■ DATA EXTRACT:
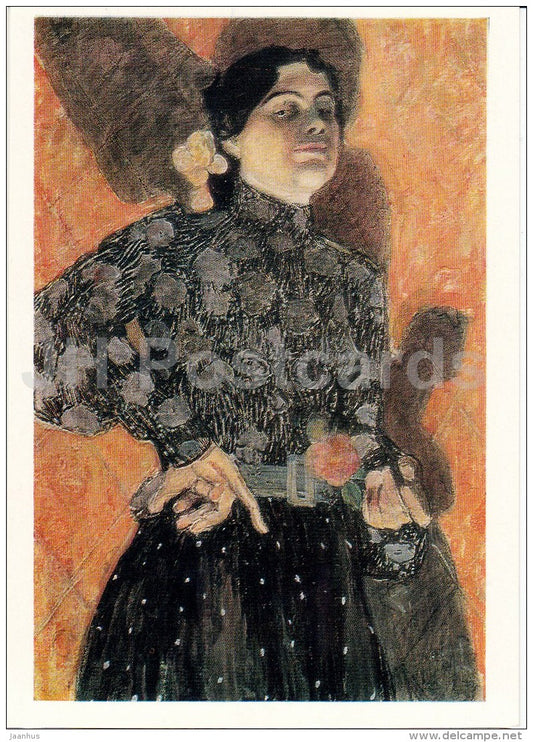 painting by A. Golovin - Spanish Woman , 1908 - Russian art - 1976 - Russia USSR - unused - JH Postcards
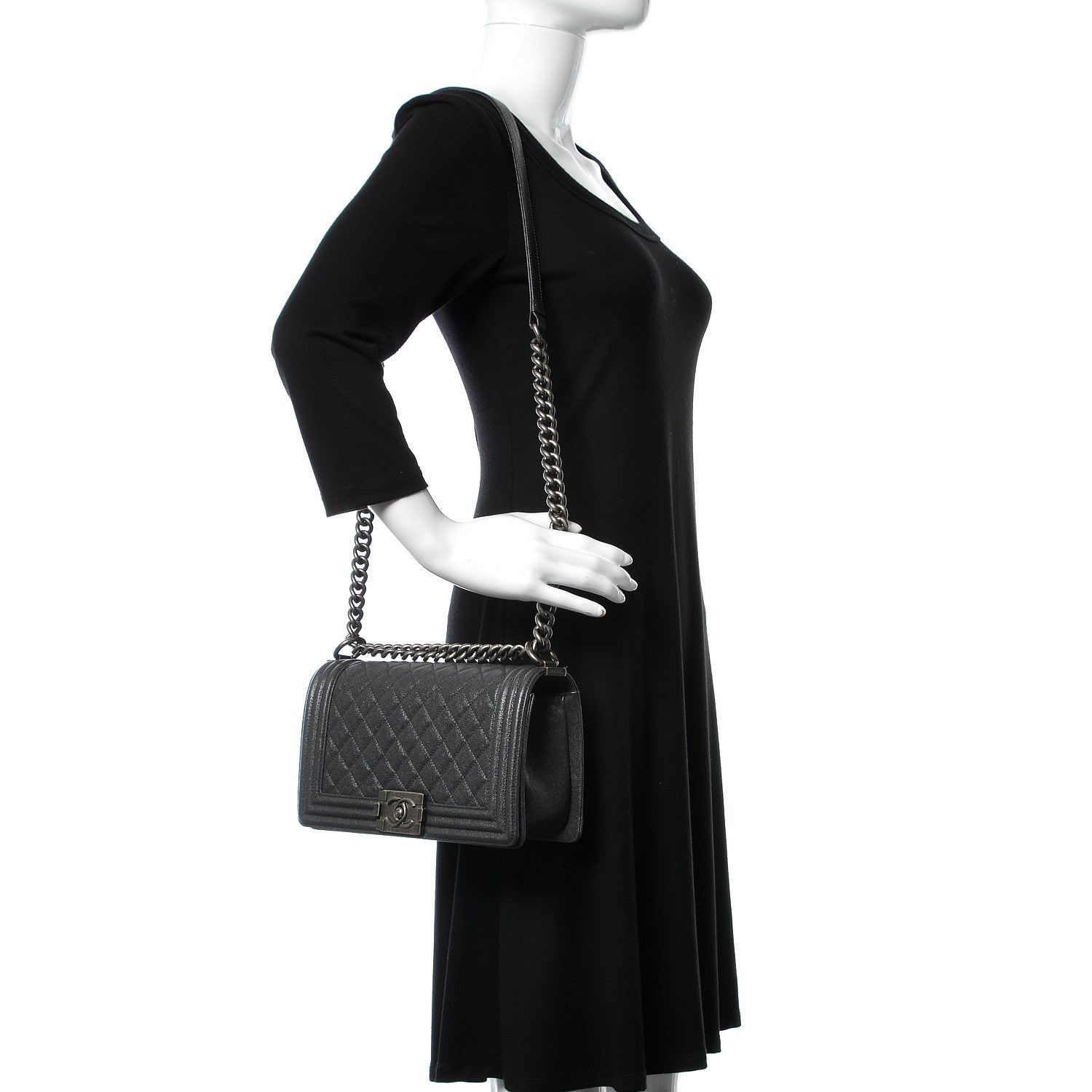 Chanel Caviar Quilted Medium Boy Flap Charcoal 2 of 9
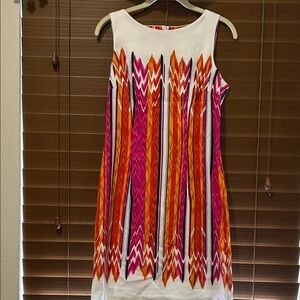 AGB Dress with Orange, Pink, and Black Stripes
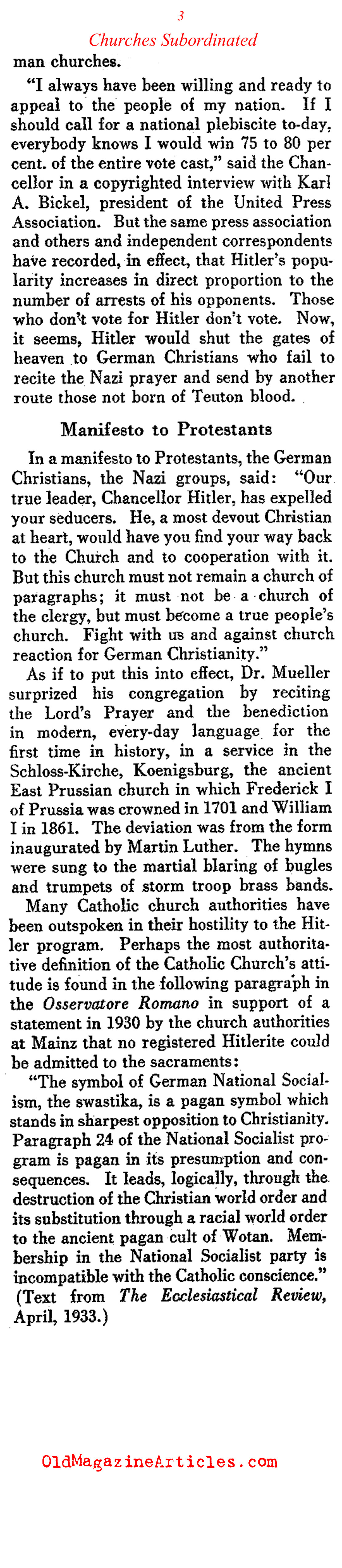 Protestant Churches Forced into Submission (Literary Digest, 1933)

■ WORK ITEM: Return the full set of lines above word for word and with no pictures.

■ ANSWER SPACE:
 painting by A. Golovin - Spanish Woman , 1908 - Russian art - 1976 - Russia USSR - unused - JH Postcards
 Chanel Caviar Quilted Medium Boy Flap Charcoal 2 of 9
 AGB Dress with Orange, Pink, and Black Stripes
 Protestant Churches Forced into Submission (Literary Digest, 1933)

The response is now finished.